Tuesday, April 18, 2006

Book recommendation continued


I should never try to post when I'm tired. Turns out I can't think. Ignore my previous post, please.



Elizabeth George's Write Away
As I was attempting to say in my previous post, this is an excellent book on writing. It deals in ideas, but it also deals in specifics.

I'll quote from chapter twelve:




All that I've shared with you so far begs the real question: How do you write it? It being the book. "One word at a time" is the coy answer (like the incredibly helpful response I heard a writer give a student aksing how to write good dialogue: "Open a vein." Now that was really useful.). The answer I prefer to give is this: If you see your novel as a collection of causally related scenes, you just write the book one scene at a time.

She spent previous chapters explaining the term "causally related scenes." She spends the rest of this chapter outlining how she has put it to work in her own writing, and how she sees it put to work in the writing of others.

I love the quote above, because the "open a vein" crap is the kind of "advice" that some writers give, hoping to enhance the mystique of what they do--to claim that they can do it, because they have the touch. Obviously, mortals like you can't do it. Baloney! Writing a book is a skill, like playing tennis. The more you practice, the better you get. Some people end up winning Wimbledon, but you don't have to win it to make your living as a tennis player.

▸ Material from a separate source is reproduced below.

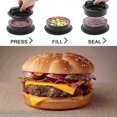 thumbnail image 4 of 2025 in 1 Non-stick Meat Beef Vegetable Burger Patty Mold, 4 of 5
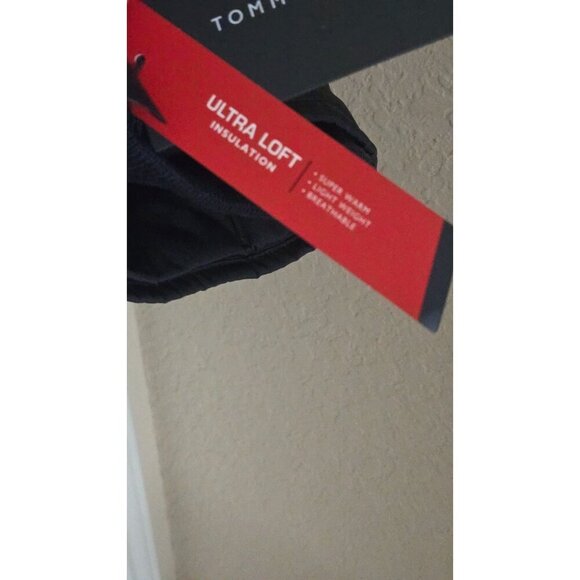 Tommy Hilfiger Men's Poly Twill Full Length Hooded Parka Navy size Medium - Picture 9 of 12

I admit that there are books that are better than others--that some writers write more inspiring prose than other writers. Just like Tiger Woods has a touch that not all other professional golfers have. Not all of us are destined to win the Masters more than once, or to win Nobel prizes in literature. But we can probably tell a damn good story that other people want to read.

What else do I like about the book?

  • She divides the book into useful sections: Overview of the craft, The basics, Technique, Process, Examples and Guides
  • She starts every chapter with an interesting quote from a journal that she has kept when writing each book. (She explains about keeping a journal when writing a book in the Process section.)
  • The Process section rocks! (IMHO.) The chapters in this section are: Baby Steps First, the Value of Bum Glue, and Tidbits from Q&A. We all know the value of "bum glue." She explains it with humor. I read this section first, just for a little inspiration. I got a lot of inspiration.
  • Once again, let me repeat: concrete details.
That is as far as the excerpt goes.